Spotkanie w stolicy Podlasia było istotne dla układu tabeli. Zarówno MOKS, jak i gdańscy akademicy zajmują miejsca w dolnych rejonach, tyle że białostoczanie wciąż mają realną szansę na zakończenie rundy zasadniczej w grupie mistrzowskiej (miejsca 1-6). Podopieczni Adriana Citki chcieli więc wykorzystać atut własnej hali. Rola faworyta nie przestraszyła białostoczan, którzy zeszli z parkietu zwycięzcy, ale nie mogli być tego pewni do ostatniej syreny.

- Lubimy horrory - uśmiecha się zawodnik MOKS Mateusz Lisowski.

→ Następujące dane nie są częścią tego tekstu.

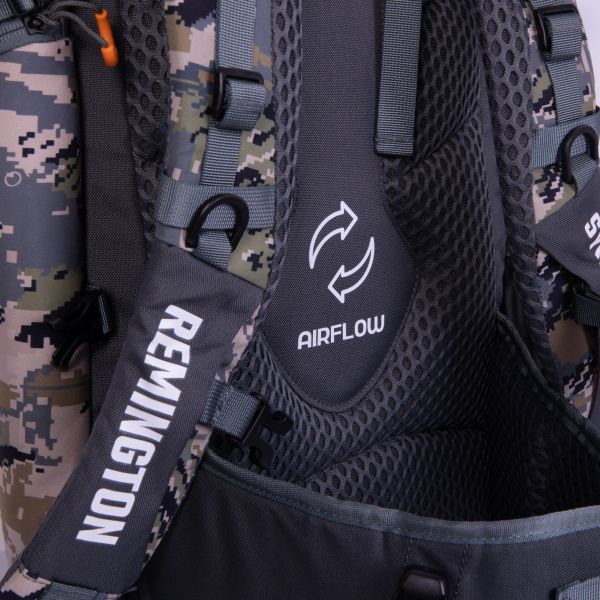 Рюкзак Remington Fortune Hunting Figure 40L, фото, цена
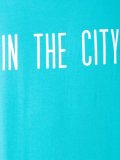 'In The City'T恤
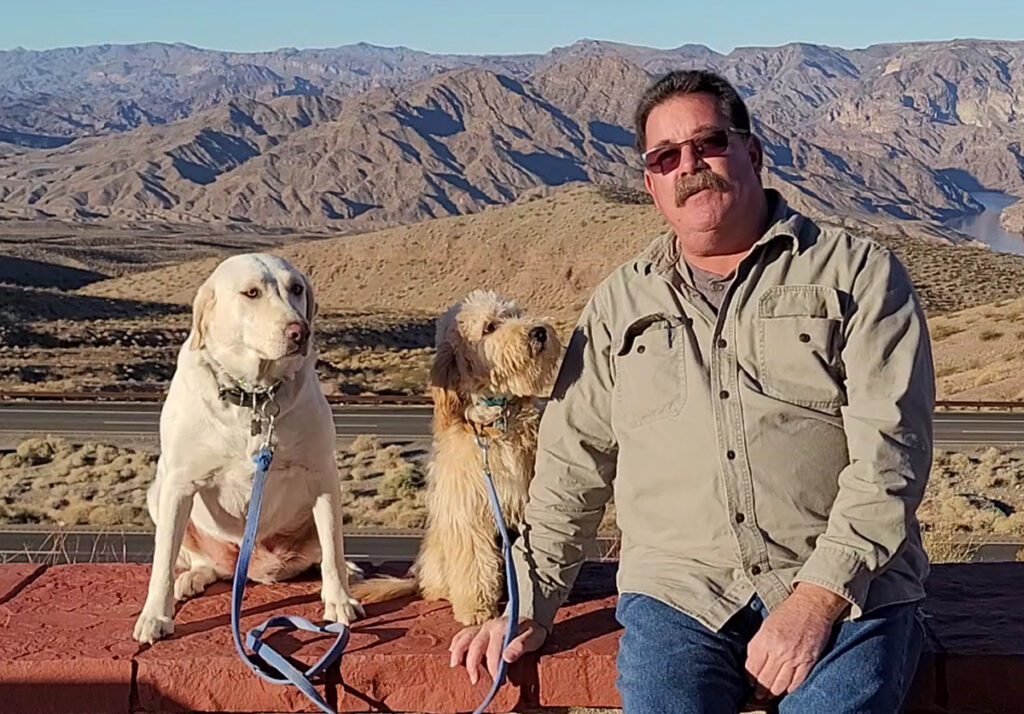 Welcome to the K9 Advantage Blog: Real Training for Real Dogs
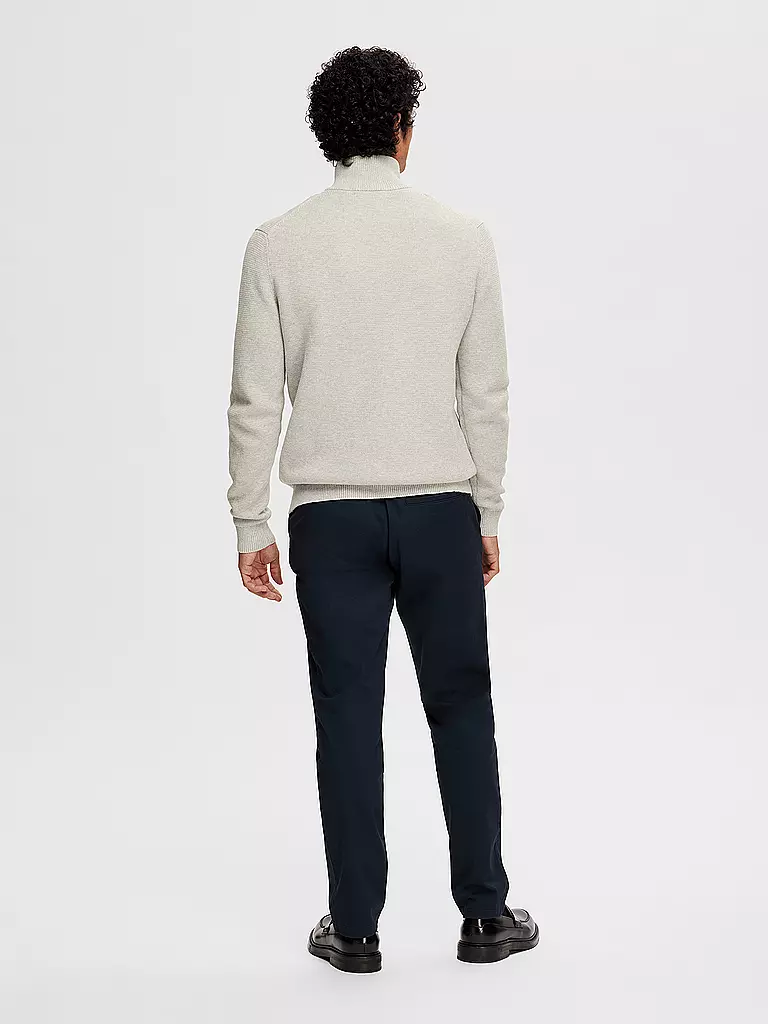 SELECTED | Pullover Troyer SLHDANE | 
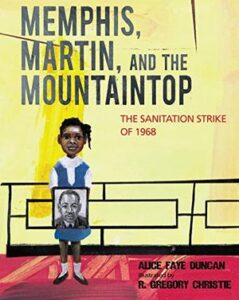 Books About Martin Luther King Jr. For Kids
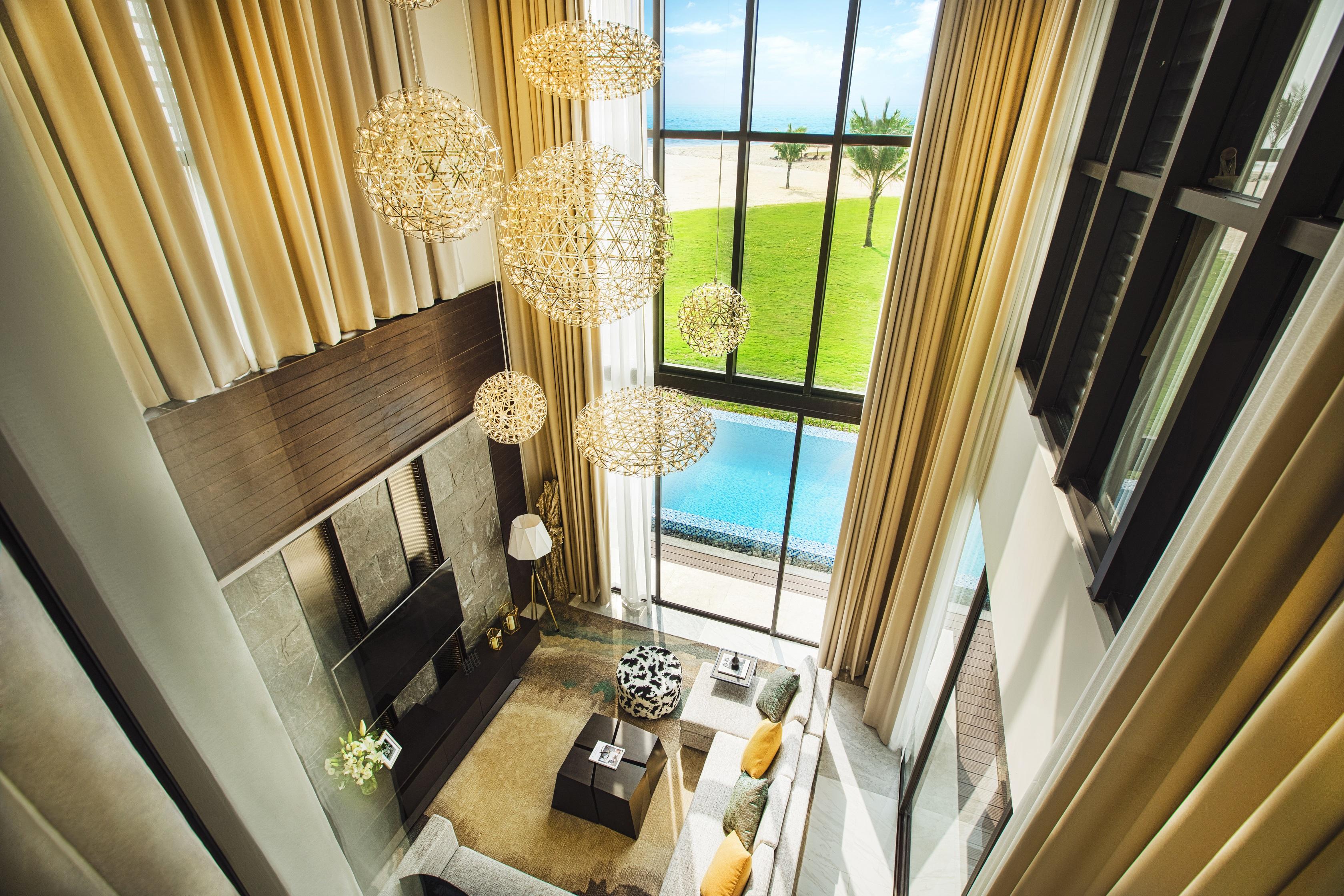 Vinpearl Resort & Golf Nam Hoi An Ha Binh Eksteriør billede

Na szczęście był to horror ze szczęśliwym zakończeniem dla gospodarzy. Zaczęło się źle, gdyż już w 6. minucie po trafieniu Tomasza Poźniaka prowadzenie objęli przyjezdni. Była to jedna z nielicznych groźnych akcji AZS w pierwszej połowie. Znacznie częściej pod bramką rywali grał MOKS, ale przeszkodą do umieszczenia piłki w siatce okazywała się nieskuteczność. Na szczęście, jeszcze przed przerwą, strzelecki impas złamał Lisowski, i to dwukrotnie. Oba zespoły na przerwę schodziły jednak przy wyniku 3:2. Na gola Mateusza Łukasiewicza (MOKS) odpowiedział Mateusz Wesserling (AZS).

- Rywale zdobywali bramki, gdy zupełnie się tego nie spodziewaliśmy. Trzeba przyznać, że szczęście się do nich uśmiechnęło w wielu momentach, ale koniec końców wygrał zespół lepszy - mówi grający trener MOKS Adrian Citko.

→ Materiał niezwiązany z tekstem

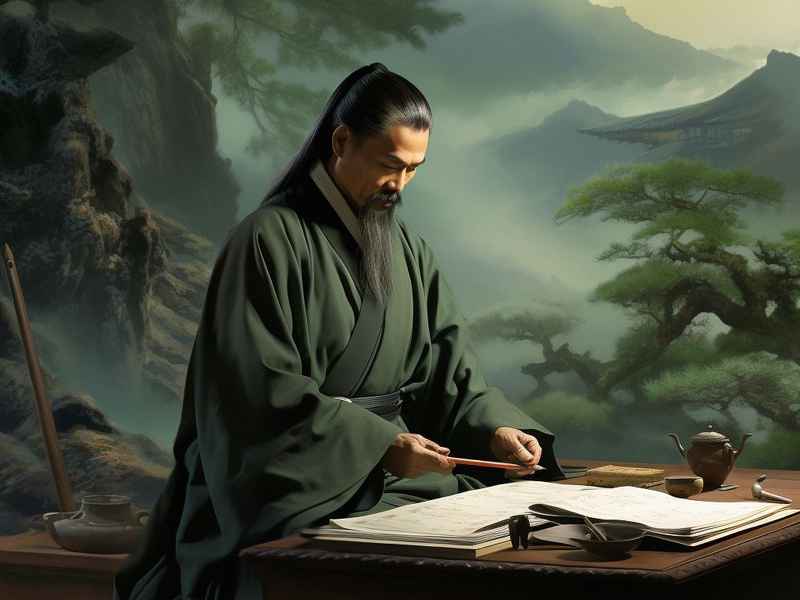杜甫评价微信网名(评论杜甫的名句) 杜甫评价微信网名(评论杜甫的名句)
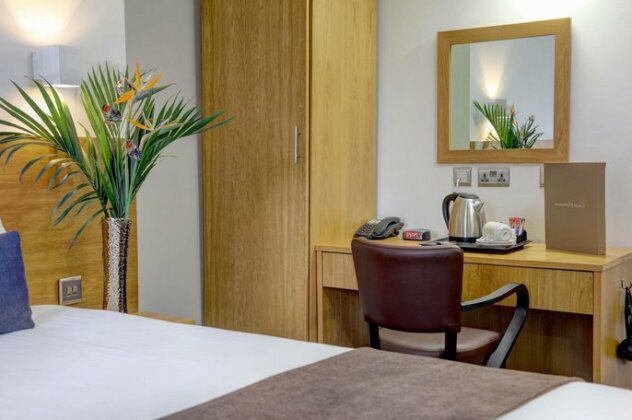 Sure Hotel by Best Western Newcastle - Photo4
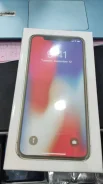 Apple iPhone X. �����, 256 ��. ��� ����� �� ���������� ����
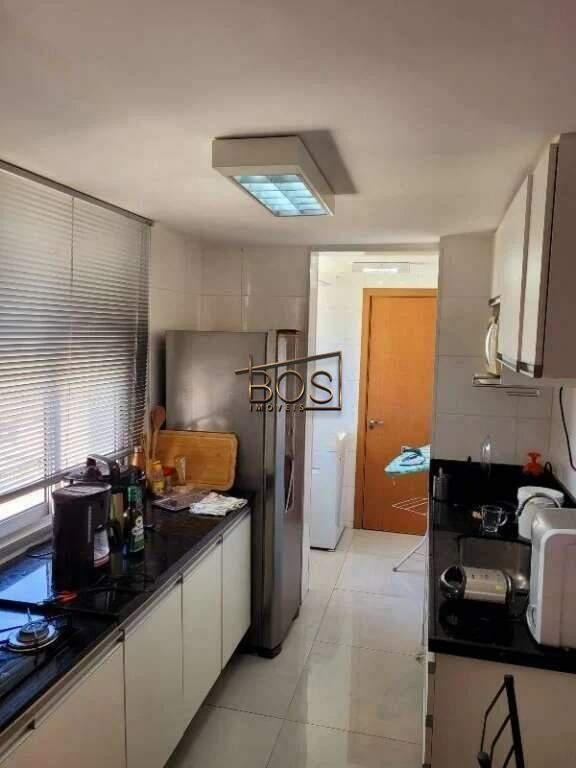 Cobertura, Cruzeiro, 3 Quartos, 3 Vagas, 1 Suíte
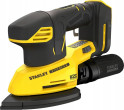 Stanley ST DELTA V20 SANDER SFMCW221B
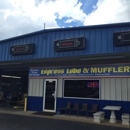 Express Lube & Muffler Inc - Brake Repair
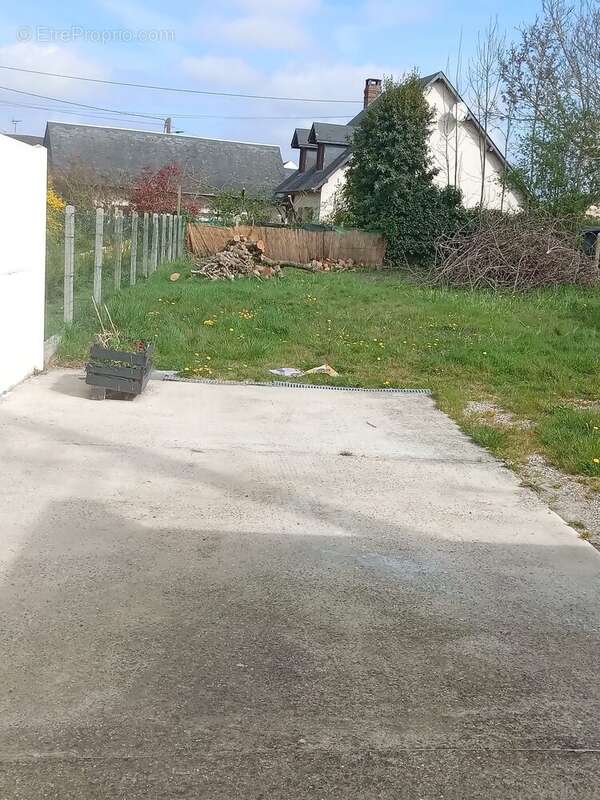 Maison à SAINT-BLIMONT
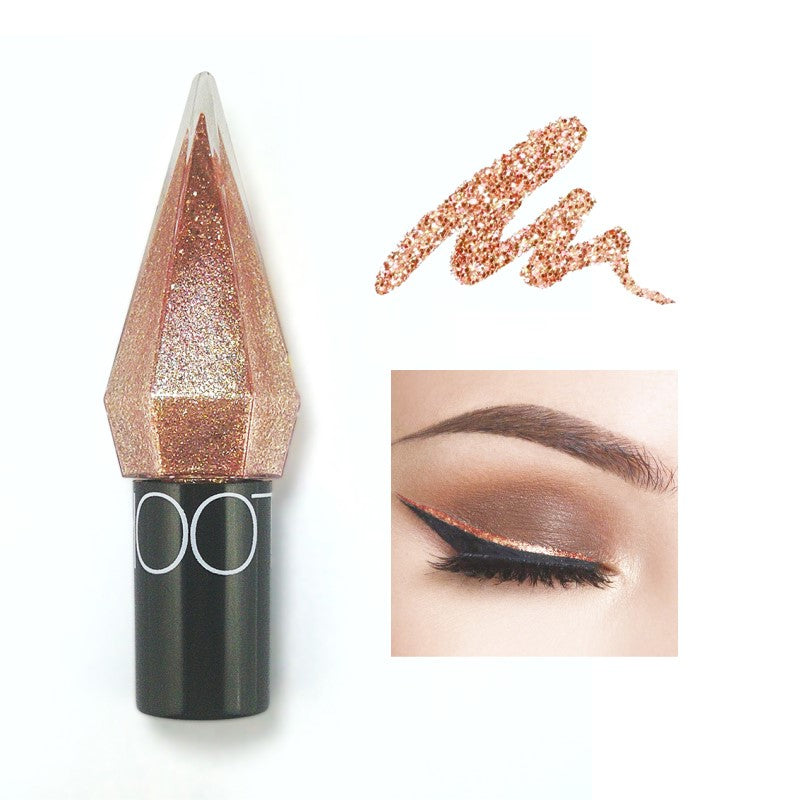 Diamond Shining Liquid Eyeliner Glitter iciCosmetic™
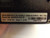 DATALOGIC MATRIX-2121-R BARCODE SCANNER T39050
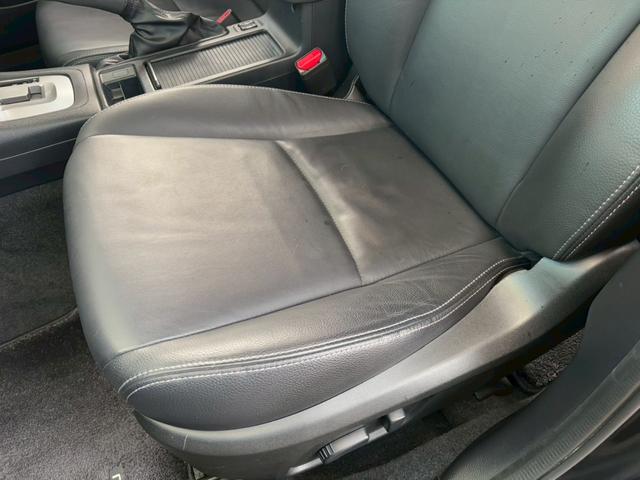 インプレッサスポーツ 2.0i ブラックレザーセレクション★禁煙★黒革シート★純ナビ(AVIC-RZ99)★フルセグテレビ★バックカメラ★F席パワーシート★シートヒーター★クルーズコントロール★アイドリングストップ★ETC★(40枚目)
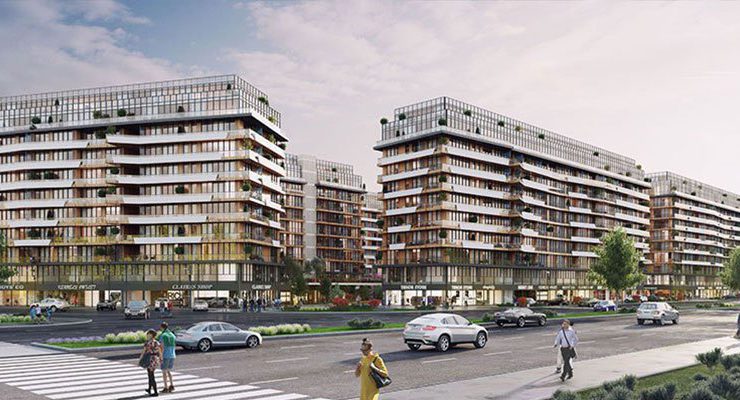 Lensistanbul görücüye çıkıyor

Zobacz też: Miedź - Jagiellonia 0:3: Oceniamy piłkarzy białostoczan po udanej inauguracji [GALERIA]

W drugiej części padły zaledwie dwie bramki, co nie zmienia faktu, że kibice byli świadkami równie emocjonujących 20 minut. Rywale przez dłuższy czas nie mogli przedrzeć się przez silne zasieki białostoczan i zmuszeni byli do wycofania bramkarza. Ryzyko nie opłaciło się, bowiem w 34. minucie po stracie przy wyprowadzeniu akcji, piłkę przejął Witalij Lisniczenko i dopełnił formalności. Trzydzieści sekund później przewaga ponownie zmniejszyła się do jednej bramki, po tym Jakub Domżalski pokonał Norberta Jendruczka strzałem z ostrego kąta. W końcówce MOKS mądrze się bronił i mimo wielkich starań AZS w ofensywie, rezultat nie uległ już zmianie.

Wynik
MOKS Słoneczny Stok Białystok - AZS UG Gdańsk 4:3 (3:2).
Bramki: 0:1 - Poźniak (6) 1:1 - Lisowski (9), 2:1 - Lisowski (15), 3:1 - Łukasiewicz (17), 3:2 - Wesserling (17), 4:2 - Lisniczenko (34), 4:3 - Domżalski (34).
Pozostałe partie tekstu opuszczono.